**Problem requirements**
Copy out exactly the lines spanning the line with "Ten Have Seeds" to the line with "Nerium Luxury Suites - Photo 71", inclusive, from the data underneath, with no pictures.

**Material shown**
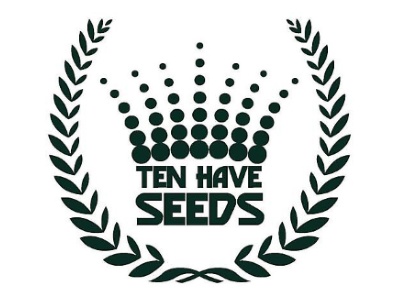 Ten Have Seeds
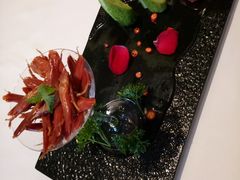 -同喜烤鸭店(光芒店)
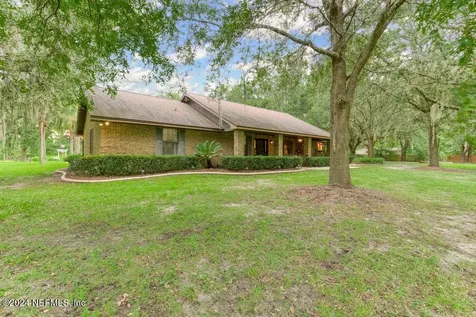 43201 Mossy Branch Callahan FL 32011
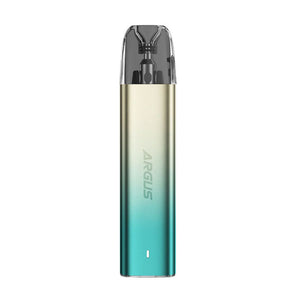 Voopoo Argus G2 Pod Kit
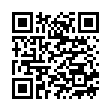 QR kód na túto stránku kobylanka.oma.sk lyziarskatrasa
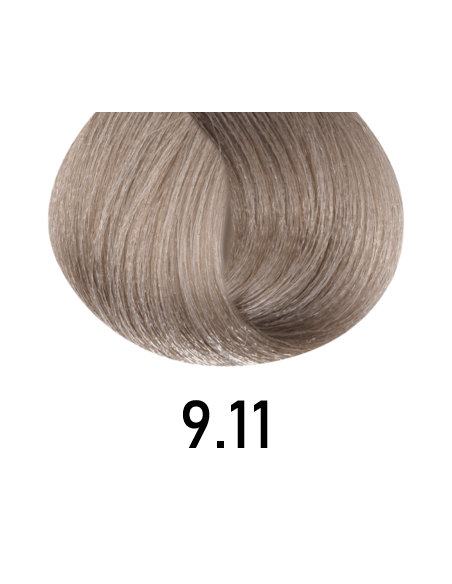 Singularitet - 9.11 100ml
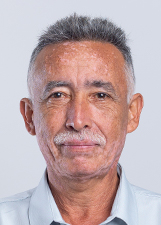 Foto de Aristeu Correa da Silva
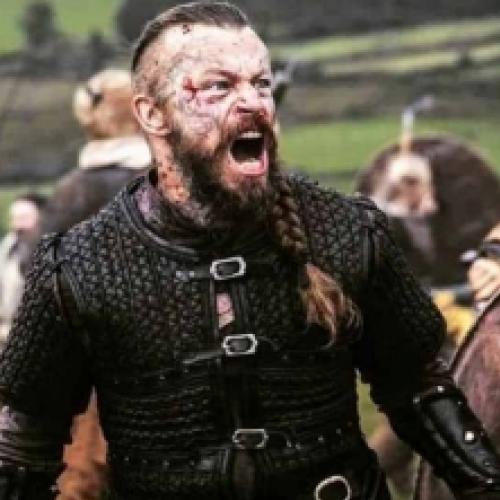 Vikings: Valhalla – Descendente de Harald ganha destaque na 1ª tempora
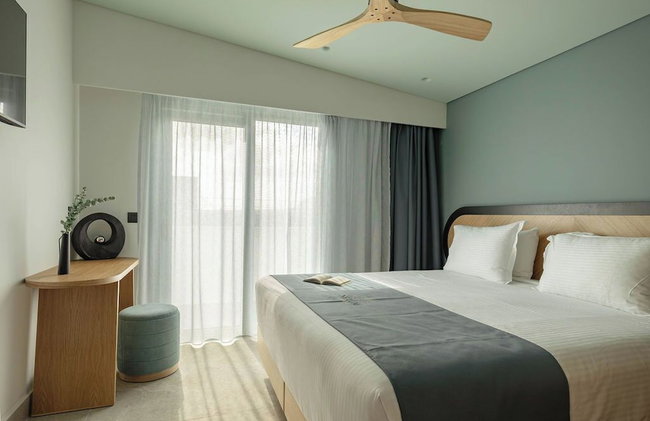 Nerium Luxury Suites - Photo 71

--

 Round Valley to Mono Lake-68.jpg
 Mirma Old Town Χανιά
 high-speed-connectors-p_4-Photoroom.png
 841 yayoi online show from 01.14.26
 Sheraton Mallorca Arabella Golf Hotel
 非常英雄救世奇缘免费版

* * *

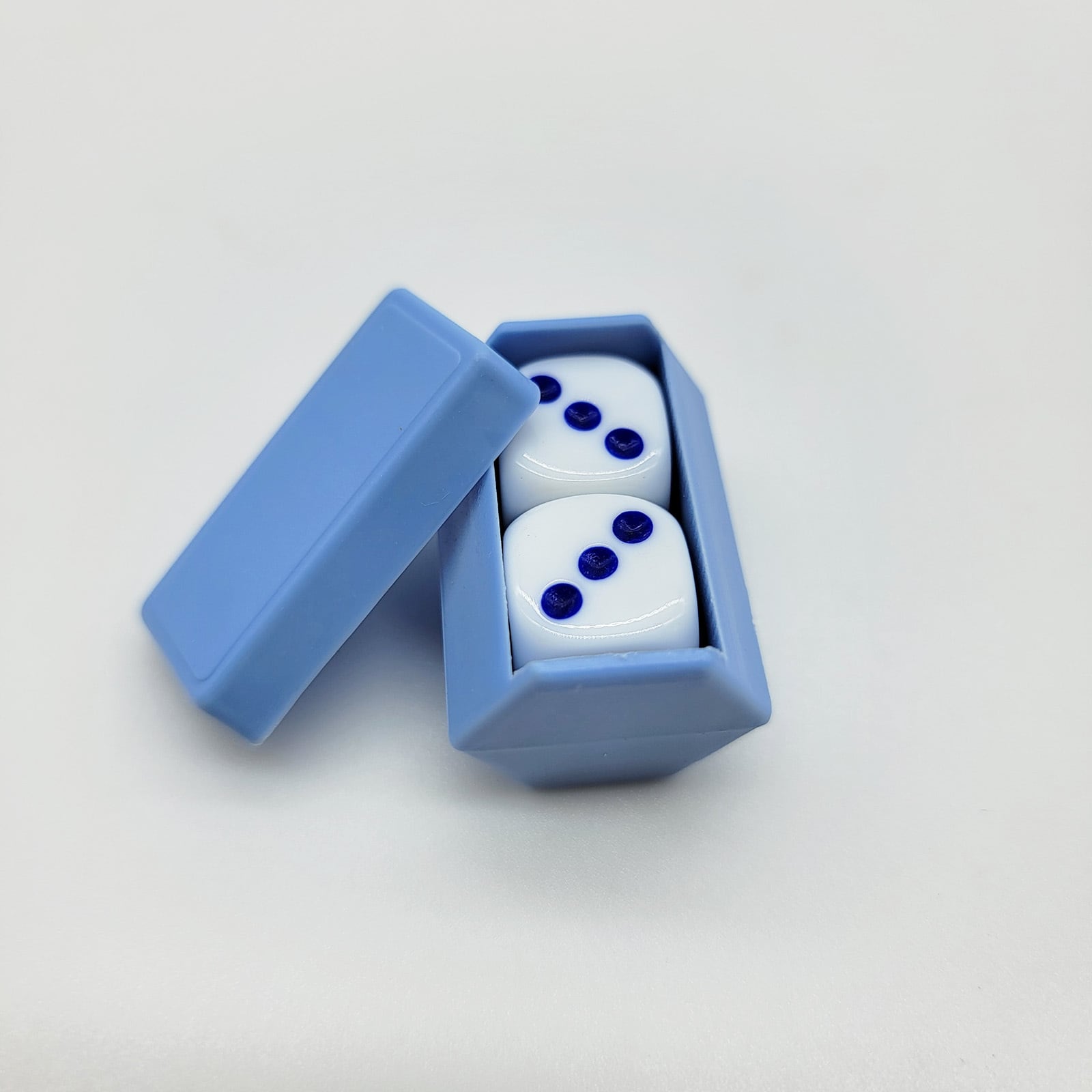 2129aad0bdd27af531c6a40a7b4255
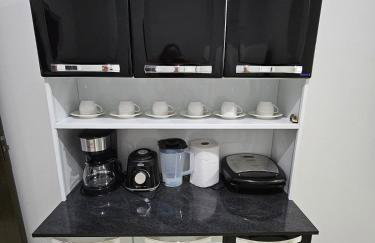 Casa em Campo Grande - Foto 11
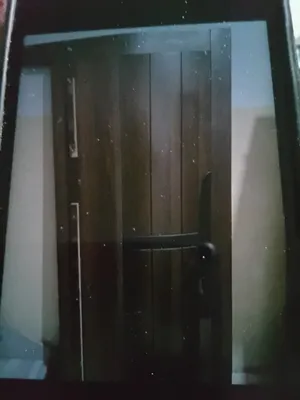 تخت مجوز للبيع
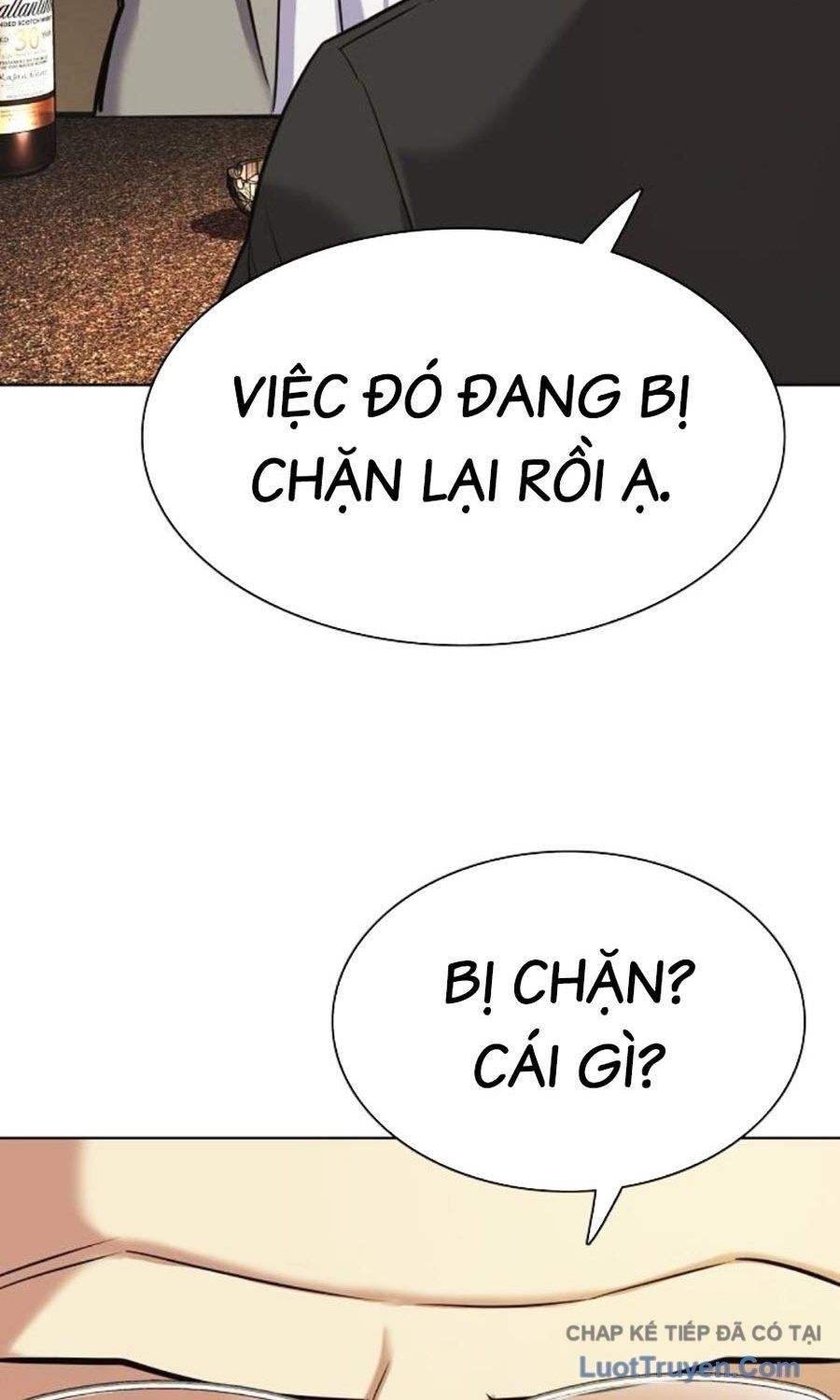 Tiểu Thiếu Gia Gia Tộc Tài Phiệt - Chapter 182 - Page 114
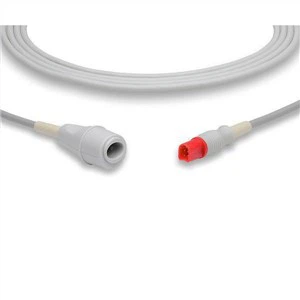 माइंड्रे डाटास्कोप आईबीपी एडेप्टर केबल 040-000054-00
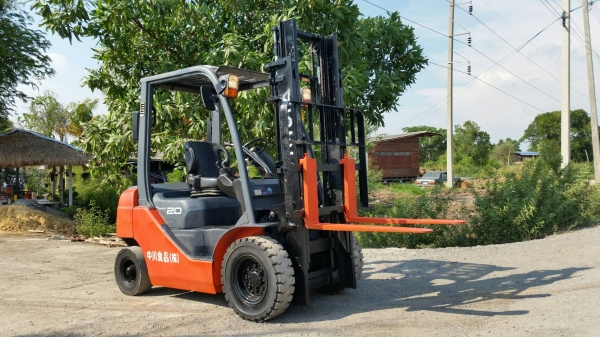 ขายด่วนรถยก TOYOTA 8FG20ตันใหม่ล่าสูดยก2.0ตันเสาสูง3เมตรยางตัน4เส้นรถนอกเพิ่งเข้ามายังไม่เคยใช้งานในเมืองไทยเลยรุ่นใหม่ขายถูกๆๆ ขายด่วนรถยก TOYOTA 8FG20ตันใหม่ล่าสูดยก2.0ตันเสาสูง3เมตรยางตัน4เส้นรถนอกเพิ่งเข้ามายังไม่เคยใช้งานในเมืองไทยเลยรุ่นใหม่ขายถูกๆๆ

**Task output**
 Ten Have Seeds
 -同喜烤鸭店(光芒店)
 43201 Mossy Branch Callahan FL 32011
 Voopoo Argus G2 Pod Kit
 QR kód na túto stránku kobylanka.oma.sk lyziarskatrasa
 Singularitet - 9.11 100ml
 Foto de Aristeu Correa da Silva
 Vikings: Valhalla – Descendente de Harald ganha destaque na 1ª tempora
 Nerium Luxury Suites - Photo 71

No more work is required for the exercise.